Keith McAdam

Personal information
- Full name: Keith Paul William James McAdam
- Born: 13 August 1945 (age 81) Edinburgh, Midlothian, Scotland
- Batting: Left-handed
- Bowling: Right-arm (unknown style)

Domestic team information
- 1967: Marylebone Cricket Club
- 1966–1969: Buckinghamshire
- 1965–1966: Cambridge University

Career statistics
| Competition | First-class | List A |
| Matches | 21 | 1 |
| Runs scored | 815 | 1 |
| Batting average | 20.89 | 1.00 |
| 100s/50s | –/3 | –/– |
| Top score | 63 | 1 |
| Balls bowled | 12 | – |
| Wickets | – | – |
| Bowling average | – | – |
| 5 wickets in innings | – | – |
| 10 wickets in match | – | – |
| Best bowling | – | – |
| Catches/stumpings | 10/– | –/– |
- Source: Cricinfo, 7 May 2011

= Keith McAdam =

Keith Paul William James McAdam DL (born 13 August 1945) is a former Scottish cricketer and a specialist in tropical diseases.

==Cricket career==
McAdam was a left-handed batsman. He was born in Edinburgh.

McAdam made his first-class debut for Cambridge University against Surrey in 1964. He played 19 further first-class matches for the university, the last coming against Oxford University in 1966. In his 20 first-class matches for the university, he scored 752 runs at a batting average of 19.78, with two half centuries and a highest score of 59. In 1967, he played a single first-class match for the Marylebone Cricket Club at Lord's, making his highest first-class score in the MCC first innings, scoring 63 before being dismissed by Stephen Russell.

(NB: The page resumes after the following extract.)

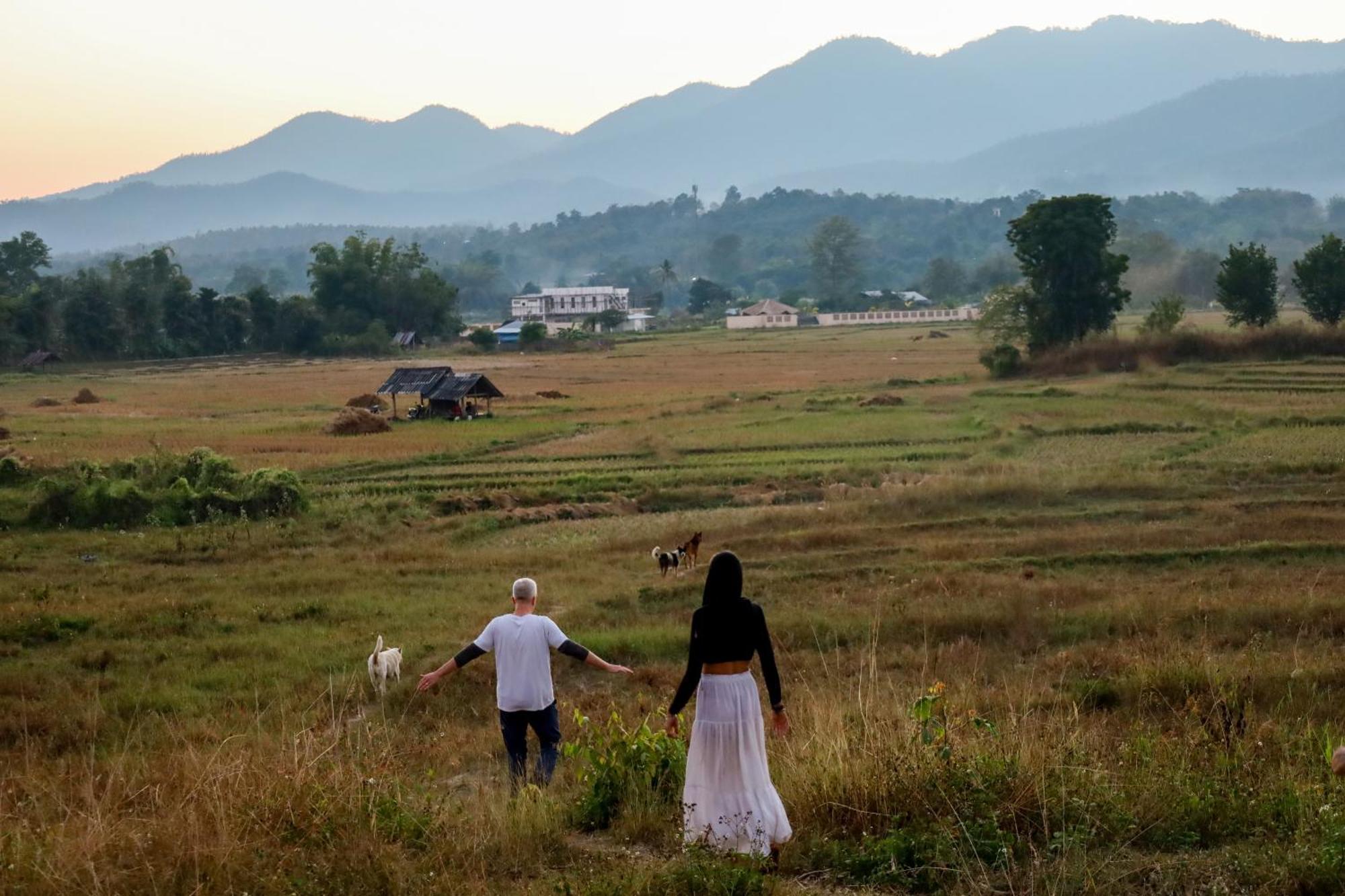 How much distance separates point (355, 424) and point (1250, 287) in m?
33.7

McAdam made his debut for Buckinghamshire in the 1966 Minor Counties Championship against Berkshire. He played seven Minor Counties Championship matches for Buckinghamshire between 1966 and 1968. He made his only List A appearance for Buckinghamshire against Middlesex in the 1969 Gillette Cup, scoring one run before being dismissed by John Price.

==Education and medical career==
McAdam grew up in Uganda, where his father, Sir Ian McAdam, was Professor of Surgery at Makerere University. He attended Prince of Wales School in Nairobi, Millfield School in England, and Clare College, Cambridge, where he studied medicine.

He became an eminent physician, specialising in tropical diseases. He is the founding director of the Infectious Diseases Institute in Kampala, the associate international director at the Royal College of Physicians in London, and is on the International Board of the African Medical and Research Foundation.

He is the founder of the charity "Music for my Mind", which uses music to help dementia patients and a Deputy Lieutenant of Hertfordshire.